Q : Vous avez révélé votre identité transgenre à 18 ans. Est-ce que cela a marqué le début de votre parcours de guérison et d’acceptation de soi, ou votre parcours avait-il commencé avant ?
Saddleback : Avant 18 ans, j’avais en moi un sentiment que je n’arrivais pas à nommer. Je savais que j’étais en désaccord avec la façon dont il me fallait vivre ma vie et me présenter au monde. J’avais l’impression que tout cela m’était étranger, comme si je faisais les choses machinalement sans vraiment vivre.
Ce n’est qu’à 16 ou 17 ans, quand j’ai découvert l’univers des drag queens et que j’ai commencé à porter des vêtements masculins, que j’ai réalisé à quel point j’étais à l’aise avec la masculinité. Quand j’ai eu 18 ans, j’ai su que vivre en tant qu’homme était ce qui me rendait heureux et me rassurait ; c’est alors que j’ai ressenti ce souffle de liberté. Je ne me sentais plus obligé d’adhérer à ces notions de devoir vivre d’une certaine façon. Pour moi, c’était prendre en main les rênes de mon propre avenir. C’est ce que j’ai toujours ressenti, mais je ne pouvais pas en parler aux gens avant de trouver les mots pour le faire.
Q : Comment s’est passée cette « sortie » auprès de votre famille ?
Saddleback : Certains étaient plutôt perplexes et disaient des choses comme : « Oh, ce n’est qu’une phase, tu as toujours été un garçon manqué. » Puis ils ont dû concilier la vision qu’ils avaient de moi et ce qu’ils voulaient pour moi, comme grandir et me marier en tant que femme. Ils ont donc dû se réconcilier avec eux-mêmes.
Mais faire mon coming out à Nohkom, aujourd’hui décédée, fut un moment privilégié, car elle m’a simplement dit : « Je te reconnais maintenant. » Elle comprenait pourquoi j’avais grandi comme je l’avais fait, pourquoi je suivais certaines directions. Elle a toujours été présente à mes côtés sans jamais me poser de questions. Elle a su toucher mon esprit et mon être en me disant ce que j’avais besoin d’entendre à ce moment-là. Cette reconnaissance de la personne que j’étais m’a rempli de joie. C’est alors que j’ai trouvé ma voie et su ce qui me rendait heureux.
Q : Avez-vous pris conscience de cette réalité par vous-même, ou d’autres personnes vous ont-elles aidé à trouver votre voie ?
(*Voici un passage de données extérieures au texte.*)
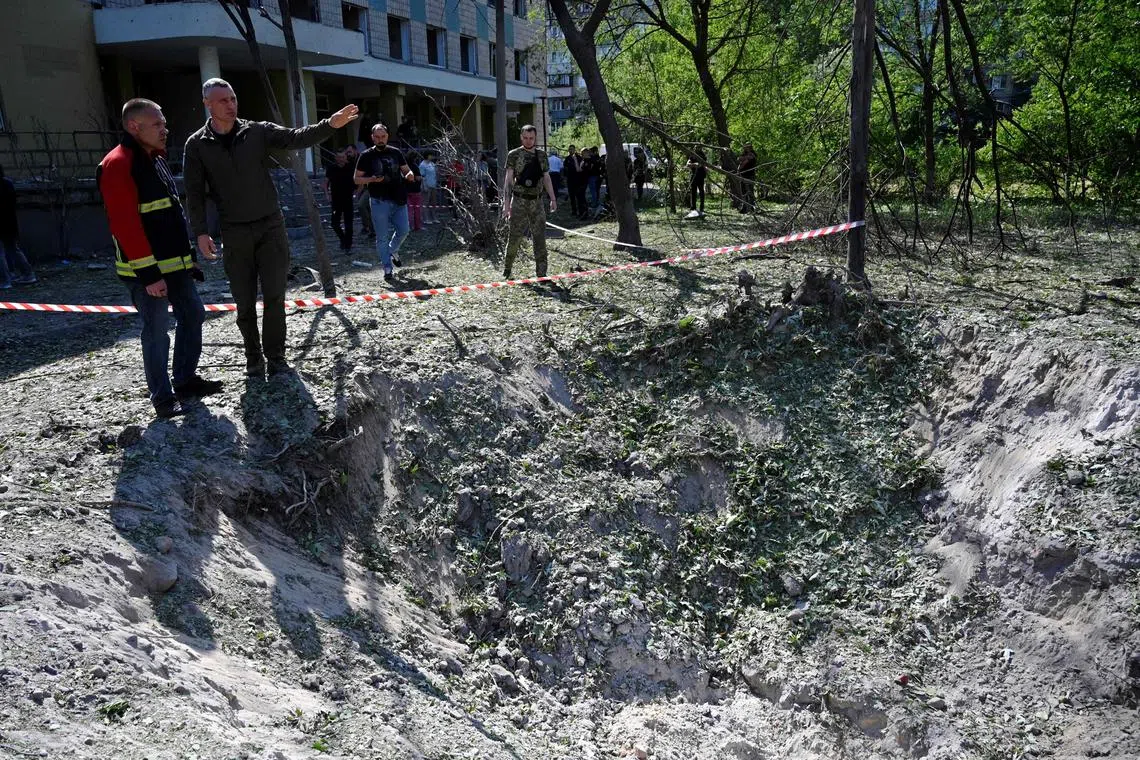 Mayor of the Ukrainian capital Kyiv, Vitali Klitschko (2R) speaks with a rescue worker as he examines a crater near a polyclinic damaged as a result of a downed missile explosion during a Russian attack on Kyiv on June 1, 2023.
Saddleback : Quand j’ai entrepris de faire la paix avec moi-même, c’était un cheminement personnel. J’ai dû prendre du recul, me poser les bonnes questions et m’autoriser à explorer de nouvelles voies. J’ai essayé le bandage de la poitrine et le port de vêtements masculins, ce qui m’a aidé à sortir de ma chambre et à circuler dans la maison sans que personne ne sourcille.
Je sais maintenant que je peux avancer avec confiance et dire : voilà qui je suis, voilà où j’ai été et voilà où je vais.
Q : Quand vous avez trouvé votre voie, qu’est-ce qui vous a poussé à aider les autres à trouver la leur ?
Saddleback : À l’école primaire comme à l’école secondaire, j’ai connu l’intimidation, l’isolement et la dépression, et je souhaitais éviter à d’autres de vivre la même chose. Je voulais épargner à des membres de la communauté de devoir demander aux anciens et aux gardiens du savoir pourquoi ils étaient différents des autres.
Lorsque je réfléchis à la façon de donner du pouvoir aux individus, je réalise que nous sommes tous en train de guérir collectivement. Non seulement au sein des communautés autochtones, mais aussi dans toute l’île de Turtle. Nous sommes tous en train de guérir des traumatismes du passé et des divergences de points de vue de nos ancêtres, qui ont abouti à la violence. Je veux simplement créer un monde meilleur – un espace où les gens peuvent être libres et grandir dans un milieu où l’on accepte leurs identités multiples, un milieu où ils peuvent bénéficier de toute la bonté dont ils ont besoin pour être pleinement et librement eux-mêmes. Je veux que d’autres puissent avoir dans leur vie quelqu’un qui leur dise ce que feu Nohkom m’a dit : Je te vois, je t’accepte et je t’aime.
Q : Comment votre travail aide-t-il les autres ?
Saddleback : En révélant mon expérience au grand public, je peux créer un espace de rencontre qui permet aux gens de s’identifier à différents aspects de mon parcours. En contribuant à l’élaboration de politiques de ressources humaines et de pratiques d’embauche, en travaillant avec différents paliers de gouvernement pour examiner l’intersectionnalité des programmes, et en utilisant ma voix, je peux faire pression pour améliorer la situation sociale.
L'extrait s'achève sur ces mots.